道は請求の棄却を求めて争う姿勢を示しました。
■道側(準備書面より)
「パワハラと認定された4つの事例はいずれもパワハラとはいえず、
原告がパワハラや不適切な指導と主張する各事例と
本件学生の自死との間の相当因果関係は認められない」。
道は自ら設置した第三者委員会の調査を「客観的ではない」などとして、
認定された4件のパワハラすべてを「否定」しました。
■秀人さんの母親
「勝手に死んだんじゃない、あなたたち(道)のせい。
その責任から逃れようとするのは違いませんか」。
秀人さんが亡くなってから7年が経とうとする今も裁判は続いています。
■前田愛奈記者
「道側が3月に新たに提出した証拠書類を閲覧しました。
その内容は当時の学院長がパワハラを認めるものでした」。
■伊東則彦学院長(当時)
「亡くなった男子学生については今でも申し訳なく思っています」。
当時の学院長はいち早くパワハラがあったと認め
メッセージを遺族に送り謝罪していた人物です。
第三者委員会にもこう話していたことが分かりました。
■伊東学院長(当時)※道が裁判所に提出した証拠書類より
「教職員というのは、彼を辞めさせたいと思っていたんです。
干してました。
彼を落として、あえて、退学の道を選ばせるっていうのが、
教職員の狙いだったと思います」。
学院長は江差保健所の所長も兼務し、
週に3日、1日3時間程度しか学校にいなかったため、
秀人さんのへの「パワハラ」は気付けなかったといいます。
■伊東学院長(当時)※道が裁判所に提出した証拠書類より
「自分が行くと、そういう現場見せないようにします。
彼にとっては地獄だったと思います。
収容所並み、自分はそういうのを連想しました。
先生たちは収容所の監視員とか、立派にやれると思います」。
なぜ、道側はこれまでパワハラを「認める」学院長の証言を証拠として
提出しなかったのか。
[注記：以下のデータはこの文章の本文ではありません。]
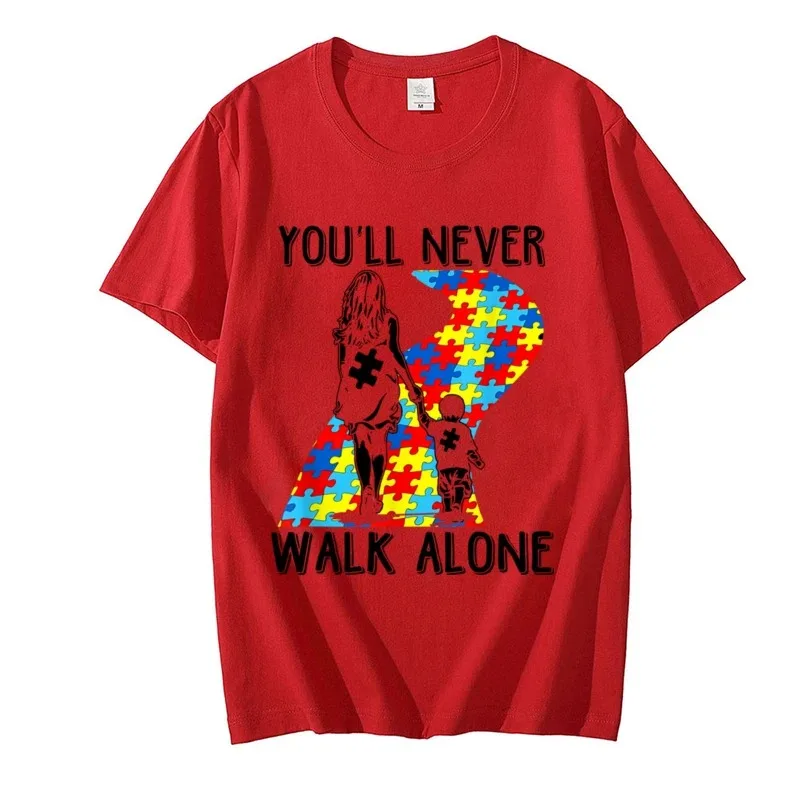 You\'ll Never Walk Alone Letter Puzzle Piece T-shirt Kids Women Graphic Tee Kindness Shirt Aesthetic Summer Autism Awareness Tops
遺族側の弁護士は。
■植松直 弁護士
「道はその前までは第三者委員会における関係者の供述証拠は
(他に)ないと言っていた。
そんな訳はない、学院長から話を聞いてない訳がないと、
(証拠を)出せって言っていたが、
(道は)全然出さなかった。
道にとって不利な証拠だったので、
これを裁判所に見られてはまずいと考えて
隠蔽してたのではないかと思っております」。
これについて道は
「係争中なのでコメントは差し控える」としています。
HTBが新たに入手した秀人さんの実習ノート。
第三者委員会でパワハラ認定された
『人格を変えなければいけない』と思わせるような指導をされた実習中、
亡くなる9日前に記されています。
「先生との話合いの中で自分が泣くのは
自分を分かってほしいという傲慢なアピール。
感情がコントロールができないと論外」。
教師との面談を経て、
自らを厳しく責めるような言葉がつづられていました。
秀人さんはどうして命を絶たなくてはいけなかったのか。
新たな証言が与える影響は。
次回の裁判は7月14日に非公開で行われる予定です。
《カウンセラー松川のコメント》
拙ブログ3月16日付け記事
「Mメンタルサポート」 ブログ出張版: 「退学選ばせる狙い」と証言 生徒自殺訴訟で元学院長
これの続報です。
拙ブログでは2021年4月6日付け記事
「Mメンタルサポート」 ブログ出張版: 教師から「指導する価値ない」 看護学生らパワハラ訴え
この記事から採り上げておりますが、
既に報道時点で自殺者の存在が記されておりました。
私はパワハラを容認する訳でも、この学校のパワハラを擁護する気もありません。
しかし、看護の世界は非常に厳しいです。
医師と同様に医療の最前線で患者とに対応し、
医師の目となり耳となる仕事でもあります。
そして、時には一分一秒を争う戦場の様な修羅場で執務もします。
「人を助けたい」それだけでは務まらないのが、医師や看護師の世界。
だから、資格取得をし、就職する前に不適格者には別の世界へ歩み直すことを
進めなければならない場所でもあります。
理想は希望する者が全て受験し、合格し、看護師となることでしょう。
ところが、それは現実には無理なことです。
もちろん、生徒を死に追い込む必要は無かったのは当然です。
学校の採った手法は間違いであり、それは認めるべきです。
不適格者であると判断したのならば、
保護者同席にしてでも退学し転向することを懇切丁寧に説得するべきです。
進路指導とは上級校への進学や本人希望の就職先へ就職させるだけでなく、
本人にとって適切な進学や就職をアドバイスすることです。
その点では、この学校は絶対にやってはならない手段を採ったと言えます。
御遺族の皆様へ
学校や教員の採った方法は完全に間違いです。
退学が本人の為であったとしても、それを有形無形の圧力ではなく、
理を以て説明するべきでした。
環境に堪えられなくして自主退学により、教員の責任を本人に転嫁させるのは、
教員としてあるまじき行為です。
裁判の継続は心身への負担も大きいですが、
御子息だけでなく全ての被害者にとって学校の手法が間違えていたことを
この裁判で明らかにして欲しいと願っております。